O Conpresp adiou a votação sobre o destombamento da antiga Escola Panamericana de Arte e Design, em Higienópolis, no centro de São Paulo. O recurso pela continuidade do tombamento foi apresentado pela Keeva Investimentos e Participações, da família Lipszyc, e envolve o arquiteto Siegbert Zanettini, que projetou o prédio de quatro pavimentos.

A decisão foi transferida para a próxima reunião, devido à ausência do presidente do conselho, o procurador Ricardo Ferrari, que havia solicitado vistas em fevereiro. Em fevereiro, a maioria dos conselheiros havia se manifestado, com a ausência de representante da OAB-SP.

Quem está envolvido

A disputa coloca frente a frente herdeiros de Enrique Lipszyc, fundador da instituição, e Zanettini, autor do projeto. O caso também envolve a Keeva, empresa acionista da família Lipszyc, que pediu o destombamento do imóvel.
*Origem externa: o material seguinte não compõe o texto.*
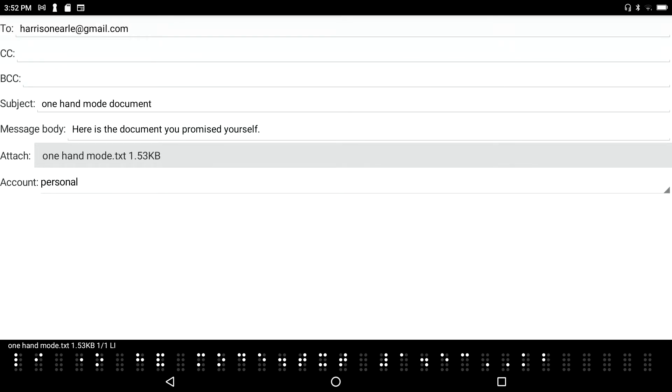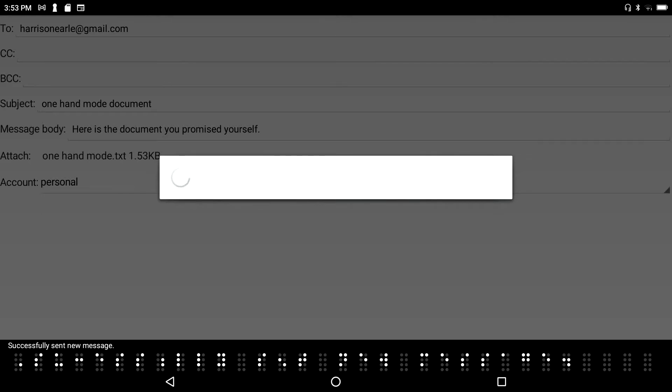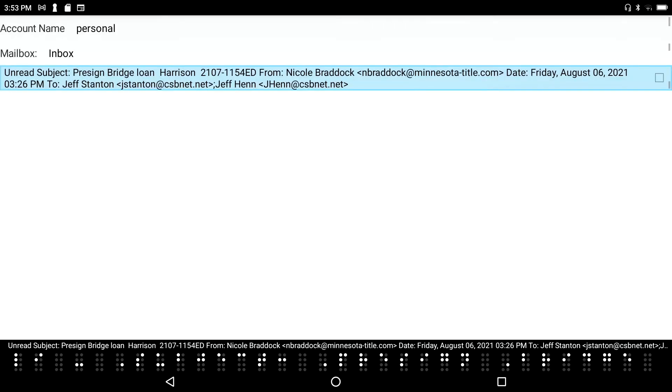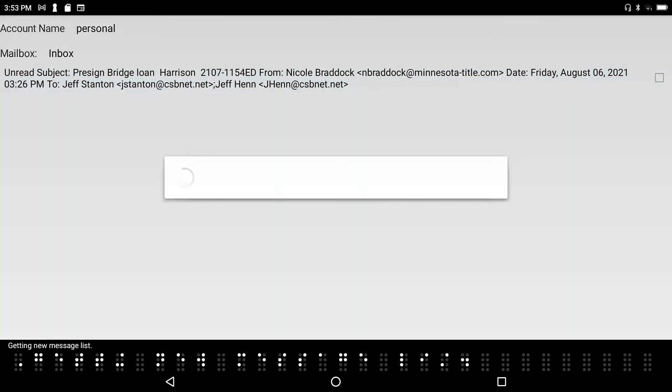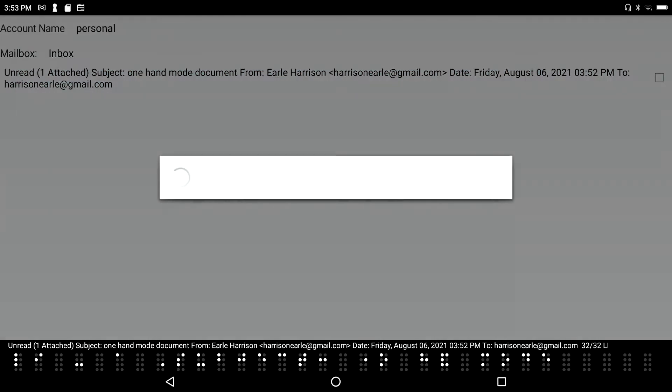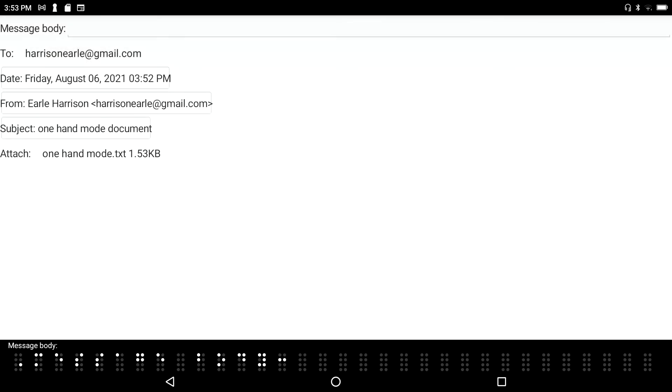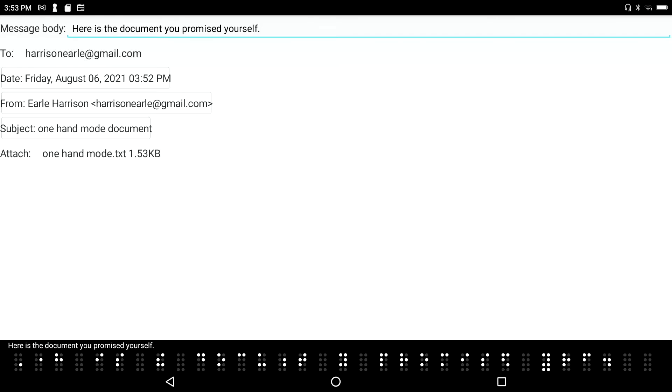And I'll press enter S to send it on its way. Sending. So that's really all there is to attaching a file. I'm watching the progress indicator which are full cells. Message unread subject Prestige Bridge Low. Okay and now I'm going to do a get new messages. Getting new message list unread one attached subject one hand mode document from. And there's the email I sent myself.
Um grupo de apoiadores defende o tombamento, ressaltando a importância da obra para a arquitetura brasileira.

Contexto e implicações do tombamento

O imóvel é conhecido pela arquitetura em aço e o estilo high-tech, com fachada de vidro e estrutura metálica exposta. O tombamento, quando mantido, impede mudanças relevantes sem aprovação de órgãos de preservação.

Histórico e próximos passos

O tombamento foi iniciado em 2021, motivado pela possibilidade de demolição de outra unidade da escola, nos Jardins. O prédio de Higienópolis permanece sob proteção; a ESPM utiliza o espaço desde este ano, sem ter direito sobre alterações. A deliberação retomará em breve, com a expectativa de definição do destino da edificação.